How to run GC properly

I have a service which has many badger databases open. Each database has 10 GB and since I never ran compaction, it can be compacted up to 4 GB. Now usually when I call DB.RunValueLogGC(), it ends up with: Value log GC attempt didn’t result in any cleanup. If I repeat this call over and over it works eventually. I would like to understand what happens in order to increase success rate of this calls.

@adwinsky One of our engineers will respond soon. Thanks.

Hey @adwinsky, Compaction removes stale data from the LSM Tree while Value Log GC removes stale data from the Value Log File. Compaction happens automatically (unless you change the default options)

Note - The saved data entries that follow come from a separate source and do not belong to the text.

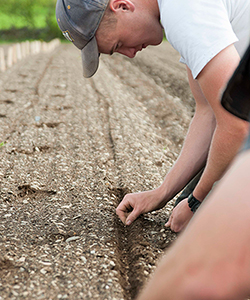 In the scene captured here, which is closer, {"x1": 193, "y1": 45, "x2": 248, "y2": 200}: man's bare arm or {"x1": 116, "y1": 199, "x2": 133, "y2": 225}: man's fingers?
{"x1": 193, "y1": 45, "x2": 248, "y2": 200}: man's bare arm

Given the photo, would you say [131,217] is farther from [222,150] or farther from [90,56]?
[90,56]

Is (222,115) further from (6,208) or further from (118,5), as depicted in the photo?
(6,208)

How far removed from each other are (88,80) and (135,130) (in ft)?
11.2

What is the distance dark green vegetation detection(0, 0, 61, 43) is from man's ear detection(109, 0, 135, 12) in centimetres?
2629

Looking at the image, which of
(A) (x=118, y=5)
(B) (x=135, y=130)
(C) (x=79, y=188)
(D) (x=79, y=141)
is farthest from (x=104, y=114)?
(A) (x=118, y=5)

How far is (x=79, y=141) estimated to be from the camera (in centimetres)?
344

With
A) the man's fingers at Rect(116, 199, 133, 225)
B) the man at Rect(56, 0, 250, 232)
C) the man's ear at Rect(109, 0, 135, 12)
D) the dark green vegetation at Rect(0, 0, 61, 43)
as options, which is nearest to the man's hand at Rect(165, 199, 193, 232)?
the man at Rect(56, 0, 250, 232)

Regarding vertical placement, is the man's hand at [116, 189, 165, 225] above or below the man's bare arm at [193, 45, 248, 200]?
below

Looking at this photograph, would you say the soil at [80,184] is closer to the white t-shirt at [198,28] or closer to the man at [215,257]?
the man at [215,257]

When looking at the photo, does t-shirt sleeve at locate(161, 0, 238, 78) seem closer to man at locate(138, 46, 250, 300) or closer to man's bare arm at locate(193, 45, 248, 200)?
man's bare arm at locate(193, 45, 248, 200)

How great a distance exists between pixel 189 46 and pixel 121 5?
1.62ft

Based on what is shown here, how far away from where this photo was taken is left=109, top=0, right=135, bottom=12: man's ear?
4.86 ft

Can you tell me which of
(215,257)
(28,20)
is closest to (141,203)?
(215,257)

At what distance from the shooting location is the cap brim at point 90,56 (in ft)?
5.53
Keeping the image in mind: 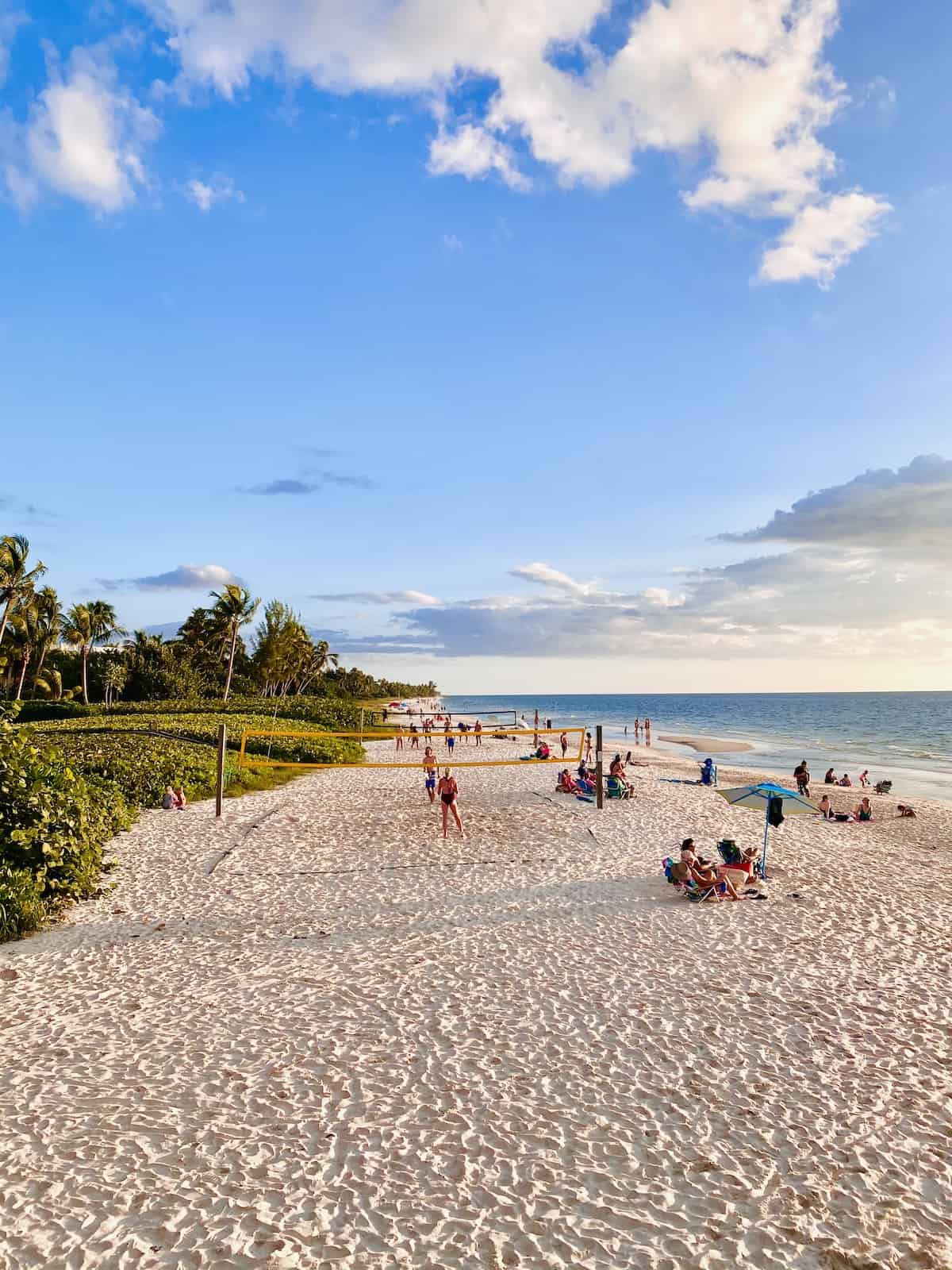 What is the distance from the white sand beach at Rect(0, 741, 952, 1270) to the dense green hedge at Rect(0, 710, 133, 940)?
537 mm

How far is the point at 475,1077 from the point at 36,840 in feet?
27.0

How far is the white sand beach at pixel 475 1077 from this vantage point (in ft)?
15.4

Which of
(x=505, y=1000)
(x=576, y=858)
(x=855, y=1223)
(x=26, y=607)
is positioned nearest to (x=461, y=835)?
(x=576, y=858)

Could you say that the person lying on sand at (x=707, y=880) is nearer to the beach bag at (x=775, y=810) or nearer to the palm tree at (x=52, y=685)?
the beach bag at (x=775, y=810)

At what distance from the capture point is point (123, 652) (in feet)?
195

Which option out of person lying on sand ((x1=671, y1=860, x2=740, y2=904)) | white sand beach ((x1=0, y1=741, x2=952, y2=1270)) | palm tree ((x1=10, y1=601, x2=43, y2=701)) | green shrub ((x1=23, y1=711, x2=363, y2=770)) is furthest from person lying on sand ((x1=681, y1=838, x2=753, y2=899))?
palm tree ((x1=10, y1=601, x2=43, y2=701))

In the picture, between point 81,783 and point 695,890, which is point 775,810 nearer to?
point 695,890

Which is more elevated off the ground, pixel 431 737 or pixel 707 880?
pixel 707 880

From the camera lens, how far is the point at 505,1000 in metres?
8.05

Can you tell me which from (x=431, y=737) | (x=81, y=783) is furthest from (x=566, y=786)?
(x=431, y=737)

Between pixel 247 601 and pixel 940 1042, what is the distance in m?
50.8

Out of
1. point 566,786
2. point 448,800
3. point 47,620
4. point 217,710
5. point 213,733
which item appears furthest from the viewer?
point 47,620

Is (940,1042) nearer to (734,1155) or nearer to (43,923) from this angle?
(734,1155)

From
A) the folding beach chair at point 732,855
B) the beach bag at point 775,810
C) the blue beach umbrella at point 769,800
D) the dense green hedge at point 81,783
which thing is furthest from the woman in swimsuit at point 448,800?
the dense green hedge at point 81,783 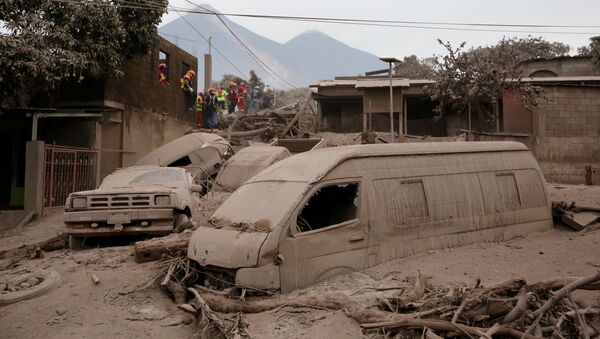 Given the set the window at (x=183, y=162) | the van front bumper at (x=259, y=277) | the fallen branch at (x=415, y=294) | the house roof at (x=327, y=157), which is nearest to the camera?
the fallen branch at (x=415, y=294)

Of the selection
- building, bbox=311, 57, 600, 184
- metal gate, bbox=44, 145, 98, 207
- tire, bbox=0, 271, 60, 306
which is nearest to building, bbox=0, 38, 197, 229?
metal gate, bbox=44, 145, 98, 207

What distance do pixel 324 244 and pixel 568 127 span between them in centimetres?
1574

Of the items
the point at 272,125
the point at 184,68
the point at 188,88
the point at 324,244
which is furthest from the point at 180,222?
the point at 184,68

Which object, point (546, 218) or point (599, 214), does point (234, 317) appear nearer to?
point (546, 218)

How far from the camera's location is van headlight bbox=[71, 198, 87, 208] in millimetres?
8594

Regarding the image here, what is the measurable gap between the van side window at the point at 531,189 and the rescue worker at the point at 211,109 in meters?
17.3

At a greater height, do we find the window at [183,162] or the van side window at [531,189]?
the window at [183,162]

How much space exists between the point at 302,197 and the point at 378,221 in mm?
1054

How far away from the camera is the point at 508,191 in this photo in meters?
7.48

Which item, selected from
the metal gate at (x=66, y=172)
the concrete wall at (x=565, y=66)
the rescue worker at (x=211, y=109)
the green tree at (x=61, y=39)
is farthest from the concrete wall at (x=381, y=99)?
the metal gate at (x=66, y=172)

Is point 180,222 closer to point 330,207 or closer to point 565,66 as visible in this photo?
point 330,207

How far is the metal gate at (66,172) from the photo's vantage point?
13.2 m

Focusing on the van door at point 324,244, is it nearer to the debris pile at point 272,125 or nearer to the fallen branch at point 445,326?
the fallen branch at point 445,326

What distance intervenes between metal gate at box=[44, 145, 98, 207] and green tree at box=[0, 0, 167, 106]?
1955 millimetres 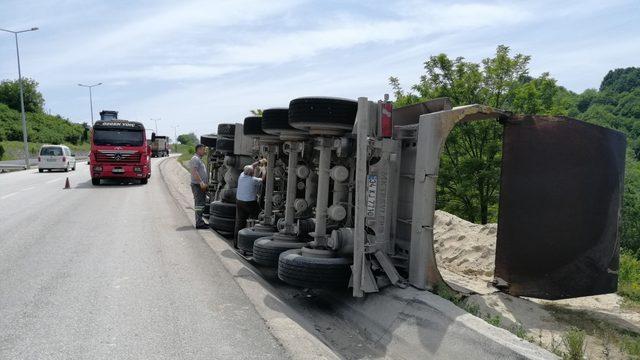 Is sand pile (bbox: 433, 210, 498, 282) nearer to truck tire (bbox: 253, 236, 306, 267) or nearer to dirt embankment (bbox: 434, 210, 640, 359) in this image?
dirt embankment (bbox: 434, 210, 640, 359)

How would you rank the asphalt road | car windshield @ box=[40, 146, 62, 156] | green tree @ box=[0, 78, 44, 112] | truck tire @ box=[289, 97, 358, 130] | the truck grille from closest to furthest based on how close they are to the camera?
the asphalt road, truck tire @ box=[289, 97, 358, 130], the truck grille, car windshield @ box=[40, 146, 62, 156], green tree @ box=[0, 78, 44, 112]

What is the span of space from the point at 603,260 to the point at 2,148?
56848 mm

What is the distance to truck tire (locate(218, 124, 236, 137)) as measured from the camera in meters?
11.1

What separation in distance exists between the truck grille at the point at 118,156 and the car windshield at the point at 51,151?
13062mm

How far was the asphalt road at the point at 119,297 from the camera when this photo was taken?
433cm

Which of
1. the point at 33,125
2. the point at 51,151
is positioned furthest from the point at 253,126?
the point at 33,125

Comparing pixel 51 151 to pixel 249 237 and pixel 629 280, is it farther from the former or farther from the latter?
pixel 629 280

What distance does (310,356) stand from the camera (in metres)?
4.19

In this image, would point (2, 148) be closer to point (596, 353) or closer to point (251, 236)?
point (251, 236)

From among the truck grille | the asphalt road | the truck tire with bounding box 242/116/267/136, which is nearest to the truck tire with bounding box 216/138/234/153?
the asphalt road

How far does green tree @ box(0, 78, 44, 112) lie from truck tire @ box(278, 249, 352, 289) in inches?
3361

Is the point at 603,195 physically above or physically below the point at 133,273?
above

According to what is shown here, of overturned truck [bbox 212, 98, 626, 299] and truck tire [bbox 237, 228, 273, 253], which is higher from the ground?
overturned truck [bbox 212, 98, 626, 299]

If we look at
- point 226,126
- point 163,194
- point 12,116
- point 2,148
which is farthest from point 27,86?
point 226,126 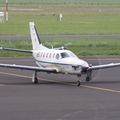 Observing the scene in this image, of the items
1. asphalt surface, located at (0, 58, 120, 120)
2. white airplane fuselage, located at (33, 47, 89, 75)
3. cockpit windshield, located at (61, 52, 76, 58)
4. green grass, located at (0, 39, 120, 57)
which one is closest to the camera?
asphalt surface, located at (0, 58, 120, 120)

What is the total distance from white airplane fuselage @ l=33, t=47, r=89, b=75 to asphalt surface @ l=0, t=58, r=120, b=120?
0.81m

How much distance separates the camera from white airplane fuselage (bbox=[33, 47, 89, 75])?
100 feet

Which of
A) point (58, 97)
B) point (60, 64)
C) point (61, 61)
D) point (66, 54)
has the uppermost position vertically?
point (66, 54)

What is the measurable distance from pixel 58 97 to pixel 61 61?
16.3 ft

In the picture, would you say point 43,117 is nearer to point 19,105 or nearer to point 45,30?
point 19,105

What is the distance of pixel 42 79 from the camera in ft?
113

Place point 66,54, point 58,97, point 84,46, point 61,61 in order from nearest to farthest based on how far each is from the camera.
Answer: point 58,97
point 61,61
point 66,54
point 84,46

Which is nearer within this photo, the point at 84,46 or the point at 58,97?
the point at 58,97

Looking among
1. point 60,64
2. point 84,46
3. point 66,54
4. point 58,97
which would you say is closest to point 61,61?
point 60,64

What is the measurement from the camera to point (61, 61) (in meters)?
31.8

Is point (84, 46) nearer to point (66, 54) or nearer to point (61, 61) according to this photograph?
point (66, 54)

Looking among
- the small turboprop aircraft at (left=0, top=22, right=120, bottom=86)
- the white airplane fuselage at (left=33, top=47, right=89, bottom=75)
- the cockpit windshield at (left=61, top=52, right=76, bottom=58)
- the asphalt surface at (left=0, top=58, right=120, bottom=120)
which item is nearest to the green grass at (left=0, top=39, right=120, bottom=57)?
the asphalt surface at (left=0, top=58, right=120, bottom=120)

The value log GC attempts to clean up a value log file. Here’s how it works

  1. Pick a value log file (for simplicity, assume it has some logic to find a file)
  2. Once the value log file is picked, we perform sampling on the value log file to ensure we have enough stale data (the ratio of the stale data by the total data in the value log file should be greater than the discard ratio)

If the sampling cannot find enough stale data, we do not perform garbage collection on that value log file. In you case, the initial calls to RunValueLogGC return ErrNoRewrite (GC didn’t result in any cleanup) error because either you don’t have enough vlog files (you need at least 2 vlog file for GC to work) or the sampling on value log file couldn’t find enough stale data.